ABOUT THIS TASK: Print only what runs from the line that includes "VT license plate AKA575" to the end of the listing, word for word, and do not include any pictures.

COLLECTED MATERIAL:
- Opening Delimiter -

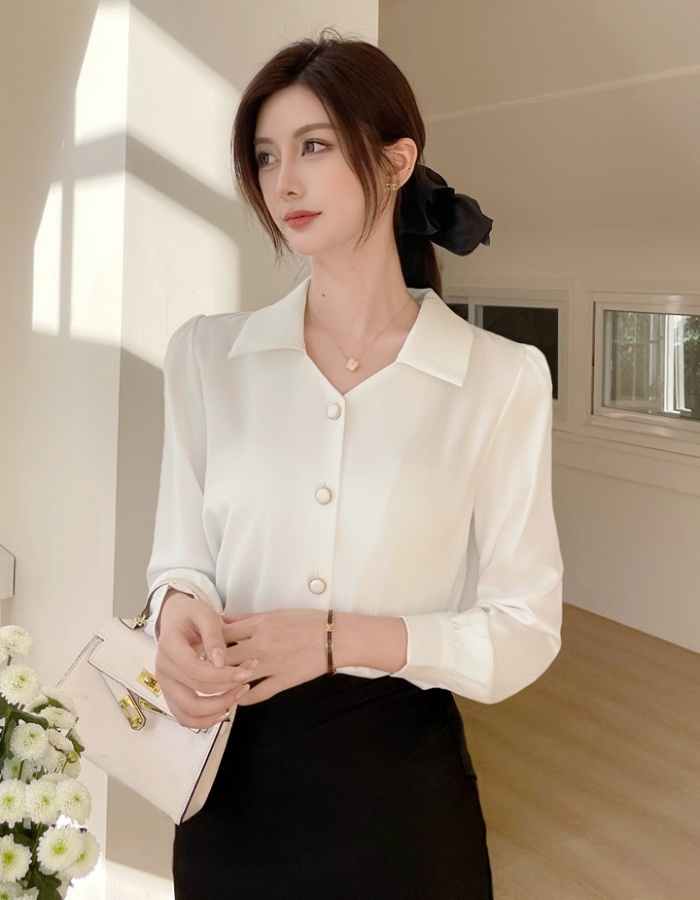 Satin unique tops temperament France style shirt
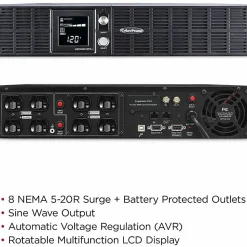 CyberPower OR2200PFCRT2U PFC Sinewave UPS Systems - 2000VA/1540W, 120 VAC, NEMA 5-20P, 2U, Rack/Tower, Sine Wave, 8 Outlets, LCD- OR2200PFCRT2U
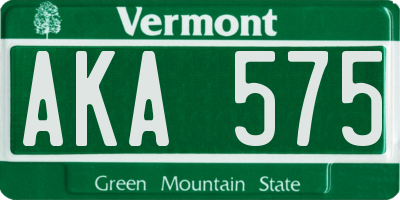 VT license plate AKA575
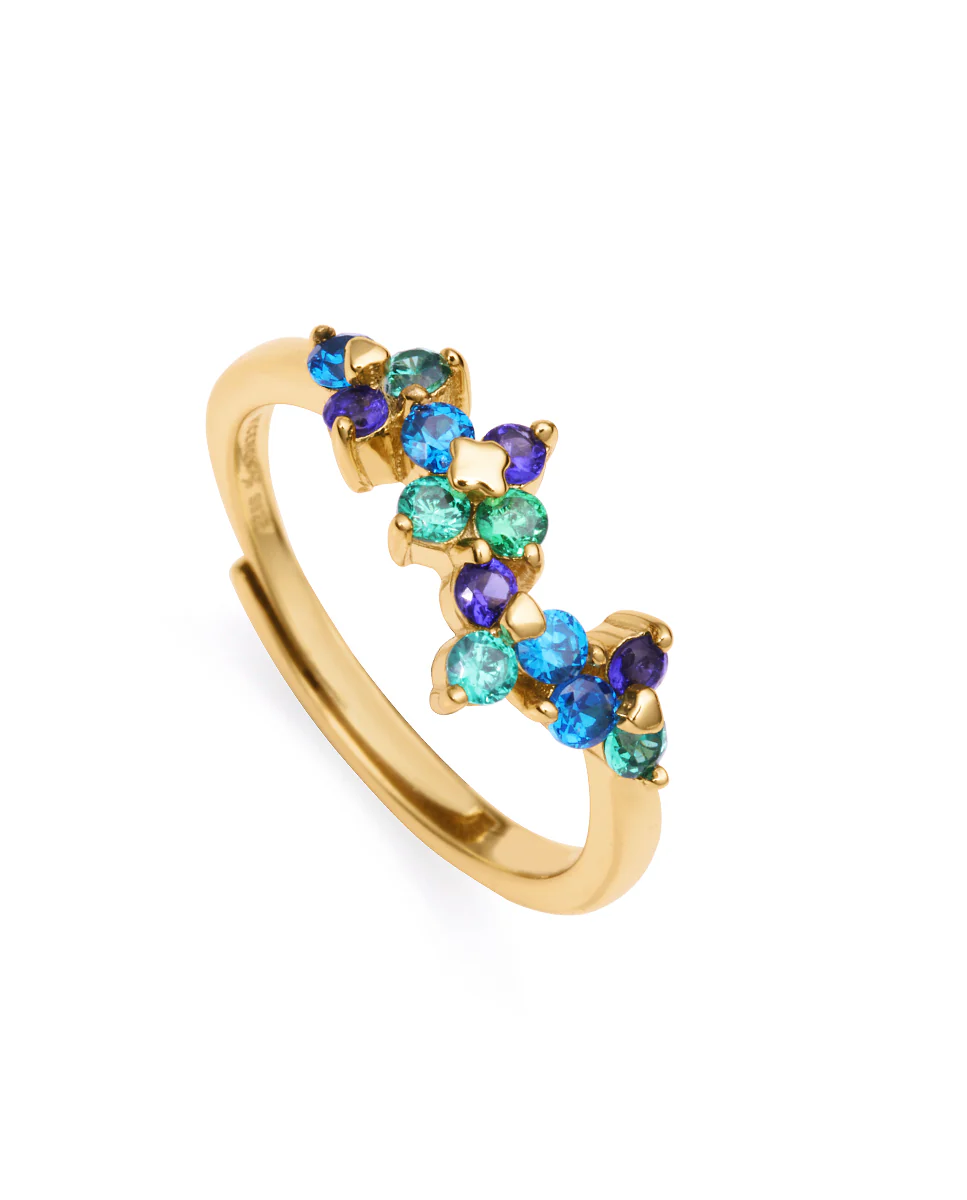 Anillo Elegant de plata de ley bañado en oro con circonitas en forma de pétalos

- Closing Delimiter -

COMPLETED TASK:
 VT license plate AKA575
 Anillo Elegant de plata de ley bañado en oro con circonitas en forma de pétalos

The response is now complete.